April 17, 2017
Welcome to part 2 of 3-part single view blog series
- In Part 1 we reviewed the business drivers behind single view projects, introduced a proven and repeatable 10-step methodology to creating the single view, and discussed the initial "Discovery" stage of the project
- In today’s part 2, we dive deeper into the methodology by looking at the development and deployment phases of the project
- In Part 3, we wrap up with the single view maturity model, look at required database capabilities to support the single view, and present a selection of case studies.
If you want to get started right now, download the complete 10-Step Methodology to Creating a Single View whitepaper.
Develop & Deploy Phases of the Single View Methodology
As a reminder, figure 1 shows the 10-step methodology to creating the single view.
In part 1 of the blog series, we covered the Discover phase. We’ll now dive into the Develop and Deploy phases, starting with Step 4 of the methodology.
Step 4: Appoint Data Stewards
A data steward is appointed for each data source identified step 3 of the methodology. The steward needs to command a deep understanding of the source database, with specific knowledge of:
- The schema that stores the source data, and an understanding of which tables store the required attributes, and in what format;
- The clients and applications that generate the source data;
- The clients and applications that consume the source data.
The data steward should also be able to define how the required data can be extracted from the source database to meet the single view requirements (e.g., frequency of data transfer), without impacting either the current producing or consuming applications.
Step 5: Develop the Single View Data Model
With an understanding of both what data is needed, and how it will be queried by the consuming applications, the development team can begin the process of designing the single view schema.
Identify Common Attributes
An important consideration at this stage is to define the common attributes that must appear in every record. Using our customer single view as an example, every customer document should contain a unique customer identifier such as a customer number or email address. This is the field that the consuming applications will use by default to query the single view, and would be indexed as the record’s primary key. Analyzing common query access patterns will also identify the secondary indexes that need to be created for each record. For example, we may regularly query customers against location and products or services they have purchased. Creating secondary indexes on these attributes is necessary to ensure such queries are efficiently serviced.
There may also be many fields that vary from record to record. For example, some customers may have multiple telephone numbers for home, office, and cell phones, while others have only a cell number. Some customers may have social media accounts against which we can track interests and measure sentiments, while other customers have no social presence. MongoDB’s flexible document model with dynamic schema is a huge advantage as we develop our single view. Each record can vary in structure, and so we can avoid the need to define every possible field in the initial schema design, while using MongoDB document validation to enforce specific rules on mandatory fields.

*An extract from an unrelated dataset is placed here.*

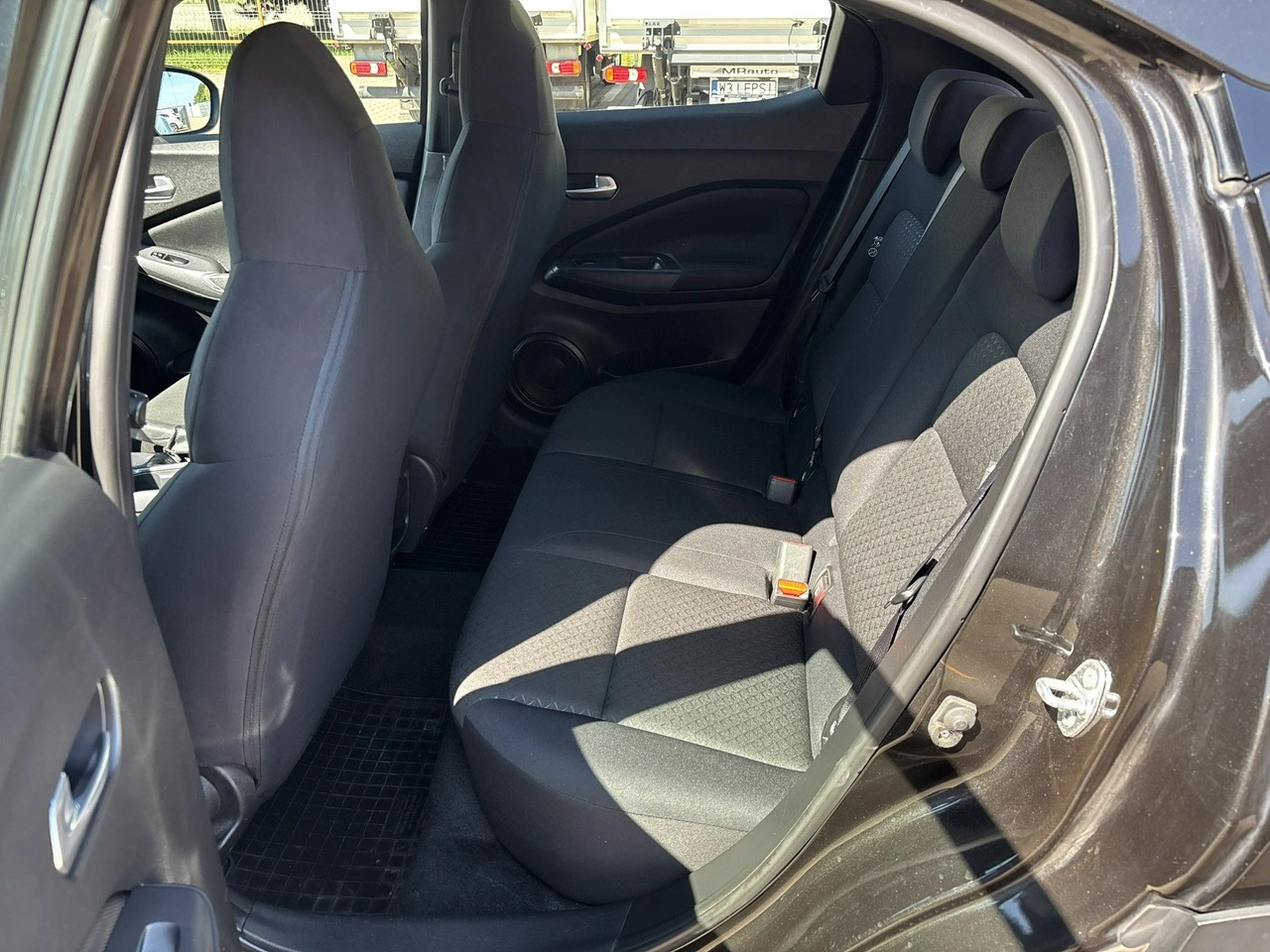 Nissan Juke - Zdjęcie 18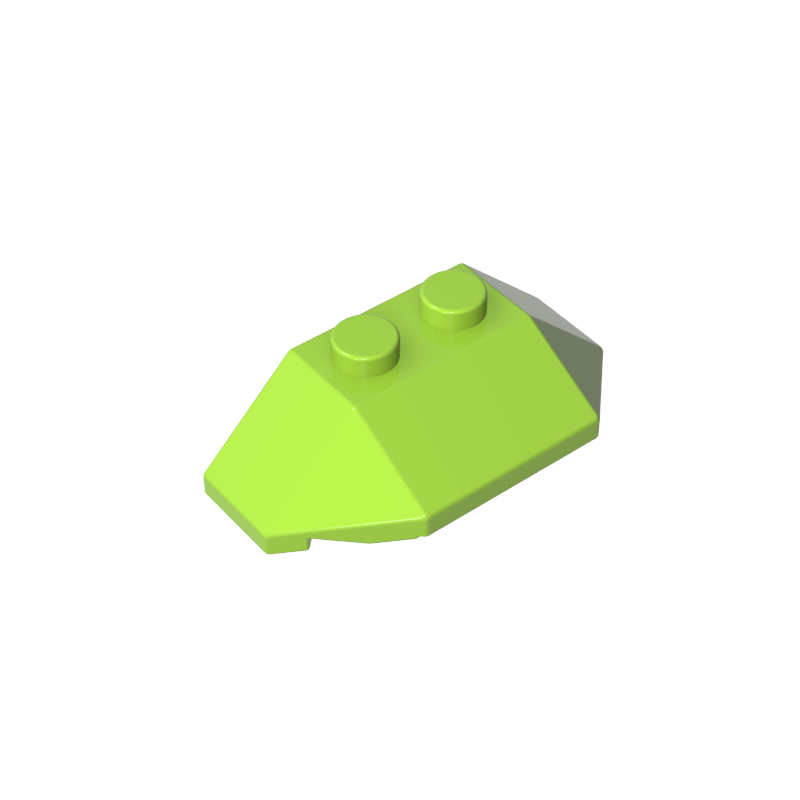 47759 | Wedge 2 x 4 Triple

Define Canonical Field Formats
The developers also need to define the canonical format of field names and data attributes. For example, a customer phone number may be stored as a string data type in one source system, and an integer in another, so the development team needs to define what standardized format will be used for the single view schema. We can use approaches such as MongoDB’s native document validation to create and enforce rules governing the presence of mandatory fields and data types.
Define MongoDB Schema
With a data model that allows embedding of rich data structures, such as arrays and sub-documents, within a single localized document, all required data for a business entity can be accessed in a single call to MongoDB. This design results in dramatically improved query latency and throughput when compared to having to JOIN records from multiple relational database tables.
Data modeling is an extensive topic with design decisions ultimately affecting query performance, access patterns, ACID guarantees, data growth, and lifecycle management. The MongoDB data model design documentation provides a good introduction to the factors that need to be considered. In addition, the MongoDB Development Rapid Start service offers custom consulting and training to assist customers in schema design for their specific projects.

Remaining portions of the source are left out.